O “Pingo Doce – Distribuição Alimentar, S.A.” deduziu pedido de indemnização civil contra o arguido requerendo que o mesmo fosse condenado no pagamento do valor do cheque emitido a seu favor, acrescido das despesas bancárias provocadas pela sua devolução (fls. 158, 39 e 40).
Remetido o processo para julgamento, veio a ser realizada audiência no fim da qual o tribunal, por acórdão de 7 de Dezembro de 2010 (fls. 220 a 229), decidiu:
a) Absolver o arguido da prática de um dos três crimes que lhe tinham sido imputados.
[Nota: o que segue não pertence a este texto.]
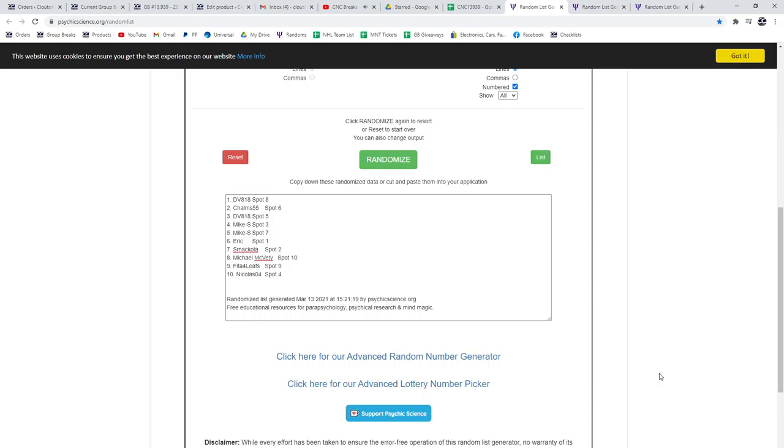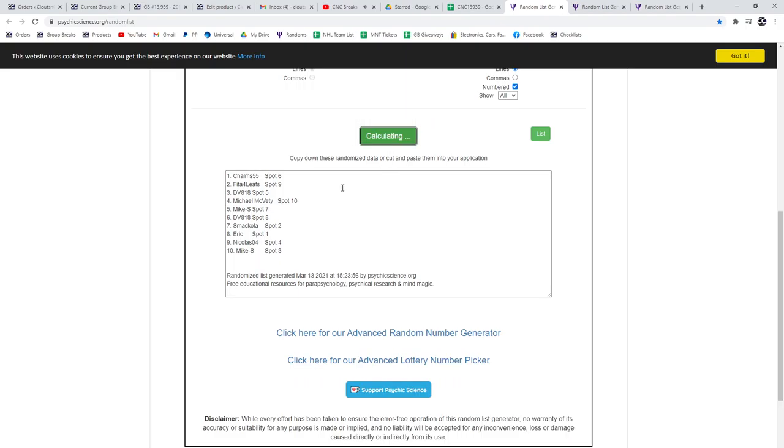And see group break, 13, 9, 39, three times starting with all the names. One, two, three.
b) Condenar o arguido pela prática de dois crimes de emissão de cheque sem provisão p. e p. pelo artigo 11.º, n.º 1, alínea a), do Decreto-Lei n.º 454/91, de 28 de Dezembro, na redacção que lhe foi dada pelo Decreto-Lei n.º 316/97, de 19 de Novembro, na pena, por cada um deles, de 80 dias de multa à taxa diária de 5 €;
c) Condenar o arguido, em cúmulo, na pena única de 140 dias de multa à mesma razão diária, o que perfaz o montante global de 700 €.
d) Absolver o arguido do pedido de indemnização civil que contra ele tinha sido deduzido pelo “Pingo Doce – Distribuição Alimentar, S.A.”.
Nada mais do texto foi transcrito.